Data segment:
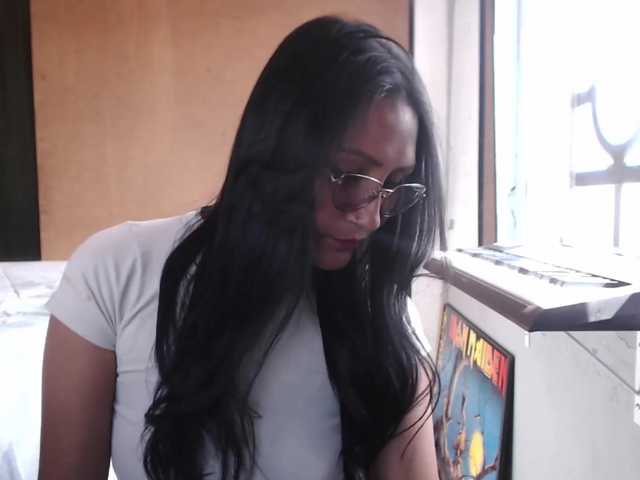 Leah-666 live cam on BongaCams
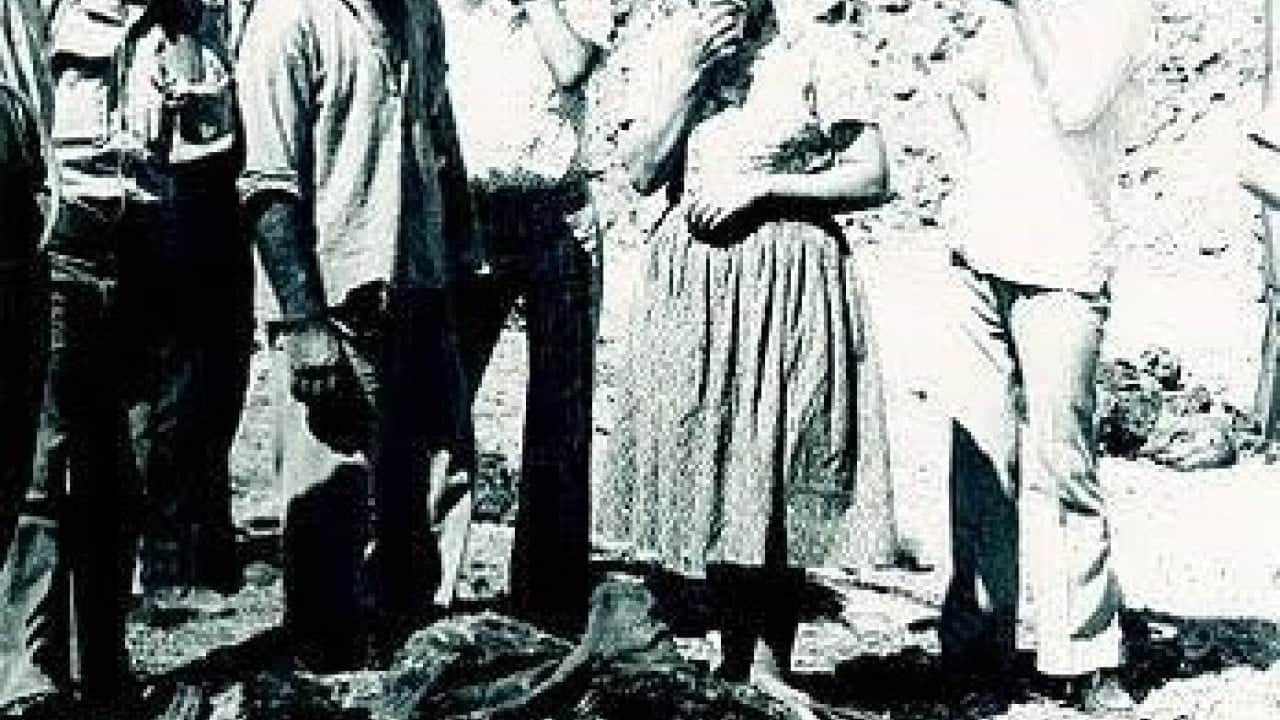 Foto - Rumların 52 yıl önce katlettiği 15 Kıbrıslı şehit Türk'ün kimliği belirlendi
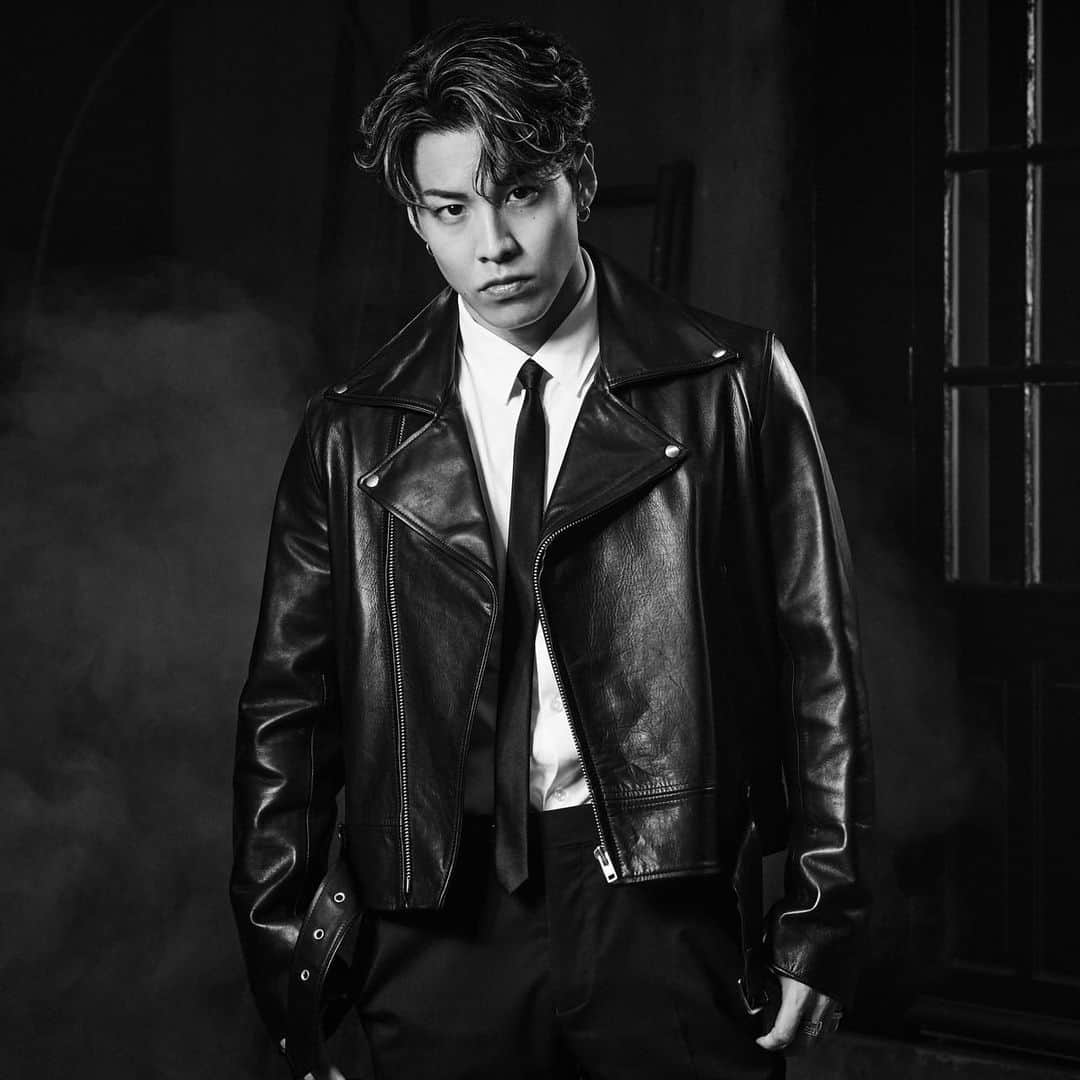 のインスタグラム：「ROUND UP feat.MIYAVI  @the_rampage_official   🔥🔥🔥」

Exercise objective: Repeat only the lines from the one with "Foto - Rumların" through the end of the data, both included and exactly as written. Pictures stay out of the copy.

Exercise response:
 Foto - Rumların 52 yıl önce katlettiği 15 Kıbrıslı şehit Türk'ün kimliği belirlendi
 のインスタグラム：「ROUND UP feat.MIYAVI  @the_rampage_official   🔥🔥🔥」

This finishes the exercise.